Dalam konteks ini, saya berpendapat bahwa perubahan nomenklatur pada revisi UU DKJ tidak bisa berlaku surut. Aturan Undang-Undang (UU) tidak bisa berlaku surut karena adanya asas non-retroaktif. Asas ini menyatakan bahwa suatu peraturan perundang-undangan hanya dapat diterapkan pada peristiwa yang terjadi setelah undang-undang tersebut disahkan.
Dengan demikian, merujuk asas non-retroaktif ini, maka penyebutan Jakarta sebagai Ibu Kota atau DKI Jakarta dalam berbagai dokumen dan lembaga seperti DPR RI, DPD, atau DPRD Jakarta tetap sah selama Keppres IKN belum diterbitkan.

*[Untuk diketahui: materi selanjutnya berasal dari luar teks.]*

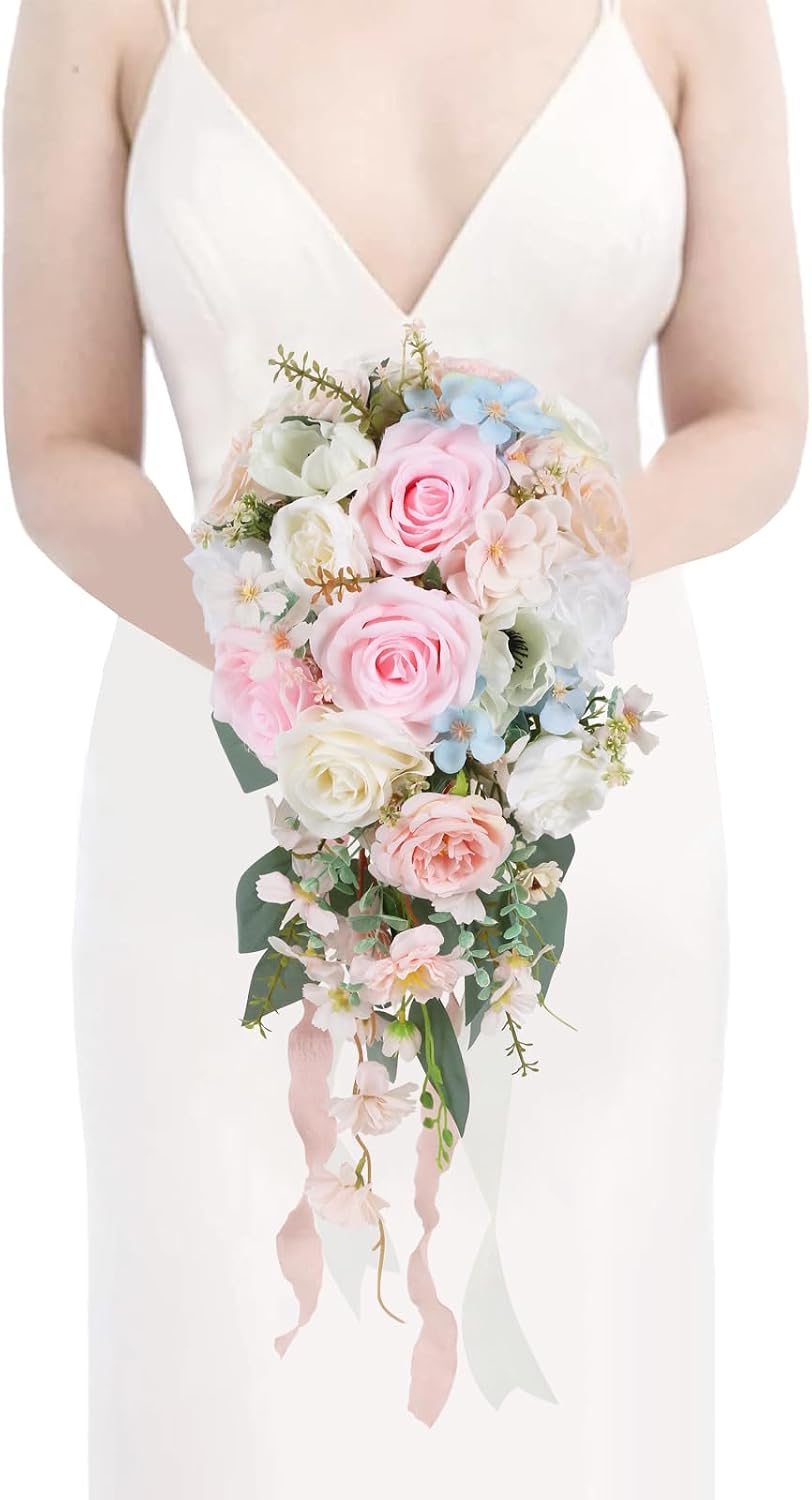 Blush Pink Wedding Bouquets for Bride,10 Inch Fake Cascading Bridal Bouquet Silk Faux Flowers for Ceremony Anniversary Wedding Bridal Shower(Light Pink)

Hal ini juga berlaku untuk pejabat yang telah dilantik sebelum ada revisi UU DKJ. Kecuali untuk penyebutan Gubernur dan Wakil Gubernur terpilih pada Pilkada 2024, yang masuk akal jika menggunakan nomenklatur DKJ atau Gubernur dan Wakil Gubernur Daerah Khusus Jakarta (DKJ). Namun, hal ini tetap menimbulkan kerancuan selama belum ada Keppres pemindahan Ibu Kota Negara.